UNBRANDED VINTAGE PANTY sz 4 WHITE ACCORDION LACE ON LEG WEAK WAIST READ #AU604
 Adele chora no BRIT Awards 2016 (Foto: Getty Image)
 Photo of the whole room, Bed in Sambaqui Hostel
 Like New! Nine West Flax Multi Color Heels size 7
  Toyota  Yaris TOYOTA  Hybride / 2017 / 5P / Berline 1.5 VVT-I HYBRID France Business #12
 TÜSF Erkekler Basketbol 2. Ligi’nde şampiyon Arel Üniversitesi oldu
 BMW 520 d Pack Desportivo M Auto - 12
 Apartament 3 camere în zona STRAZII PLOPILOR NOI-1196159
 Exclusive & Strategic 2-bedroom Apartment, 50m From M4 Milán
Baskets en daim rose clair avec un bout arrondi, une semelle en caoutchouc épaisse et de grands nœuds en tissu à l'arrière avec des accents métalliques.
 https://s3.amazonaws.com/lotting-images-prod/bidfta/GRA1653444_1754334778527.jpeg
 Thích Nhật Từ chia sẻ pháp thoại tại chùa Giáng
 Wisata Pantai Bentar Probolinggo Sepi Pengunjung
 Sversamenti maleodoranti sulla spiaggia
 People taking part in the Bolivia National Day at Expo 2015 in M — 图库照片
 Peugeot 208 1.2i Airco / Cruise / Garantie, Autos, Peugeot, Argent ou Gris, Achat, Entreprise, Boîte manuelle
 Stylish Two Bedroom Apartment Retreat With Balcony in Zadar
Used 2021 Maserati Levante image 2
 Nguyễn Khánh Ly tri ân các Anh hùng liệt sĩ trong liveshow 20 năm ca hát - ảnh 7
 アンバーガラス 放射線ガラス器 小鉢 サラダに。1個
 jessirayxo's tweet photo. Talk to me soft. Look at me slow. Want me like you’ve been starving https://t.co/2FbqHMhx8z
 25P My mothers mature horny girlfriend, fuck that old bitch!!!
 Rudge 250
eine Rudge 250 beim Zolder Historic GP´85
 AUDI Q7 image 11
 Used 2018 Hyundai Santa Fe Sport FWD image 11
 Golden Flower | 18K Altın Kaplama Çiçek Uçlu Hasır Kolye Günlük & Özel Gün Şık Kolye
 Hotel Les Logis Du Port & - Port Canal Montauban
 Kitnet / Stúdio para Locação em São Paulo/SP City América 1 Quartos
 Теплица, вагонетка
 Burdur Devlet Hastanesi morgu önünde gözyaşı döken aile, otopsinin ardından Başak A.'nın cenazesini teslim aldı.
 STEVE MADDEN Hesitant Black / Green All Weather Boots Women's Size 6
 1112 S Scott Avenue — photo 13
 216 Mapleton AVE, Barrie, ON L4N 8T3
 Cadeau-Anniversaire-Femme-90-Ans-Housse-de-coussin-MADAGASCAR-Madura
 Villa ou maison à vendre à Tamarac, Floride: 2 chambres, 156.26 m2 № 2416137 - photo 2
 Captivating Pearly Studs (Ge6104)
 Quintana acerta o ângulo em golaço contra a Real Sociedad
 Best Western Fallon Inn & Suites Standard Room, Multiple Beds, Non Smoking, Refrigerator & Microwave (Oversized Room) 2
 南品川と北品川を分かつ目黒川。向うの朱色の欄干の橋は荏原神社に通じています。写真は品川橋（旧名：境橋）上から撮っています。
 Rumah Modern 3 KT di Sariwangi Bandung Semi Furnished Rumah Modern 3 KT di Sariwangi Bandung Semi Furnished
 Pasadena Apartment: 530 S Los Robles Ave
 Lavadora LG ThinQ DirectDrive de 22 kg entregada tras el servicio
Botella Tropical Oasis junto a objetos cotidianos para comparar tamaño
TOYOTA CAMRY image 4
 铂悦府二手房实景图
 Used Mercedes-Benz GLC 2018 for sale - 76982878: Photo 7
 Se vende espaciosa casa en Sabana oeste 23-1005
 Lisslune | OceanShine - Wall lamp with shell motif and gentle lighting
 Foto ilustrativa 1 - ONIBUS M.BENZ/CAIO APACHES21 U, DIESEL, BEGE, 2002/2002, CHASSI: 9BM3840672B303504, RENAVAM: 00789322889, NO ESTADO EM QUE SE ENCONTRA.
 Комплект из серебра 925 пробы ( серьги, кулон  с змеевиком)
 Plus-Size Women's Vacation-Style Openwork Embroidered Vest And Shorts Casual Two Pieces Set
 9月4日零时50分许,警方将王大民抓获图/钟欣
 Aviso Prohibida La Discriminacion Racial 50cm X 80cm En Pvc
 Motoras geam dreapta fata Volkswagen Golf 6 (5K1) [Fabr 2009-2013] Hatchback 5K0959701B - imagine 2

▶ _WORK REQUIRED_
Beginning with the line that contains "Aviso Prohibida La", return every line to the end of the listing, unchanged, and nothing else.

▶ _SOLUTION TO THE PROBLEM_
 Aviso Prohibida La Discriminacion Racial 50cm X 80cm En Pvc
 Motoras geam dreapta fata Volkswagen Golf 6 (5K1) [Fabr 2009-2013] Hatchback 5K0959701B - imagine 2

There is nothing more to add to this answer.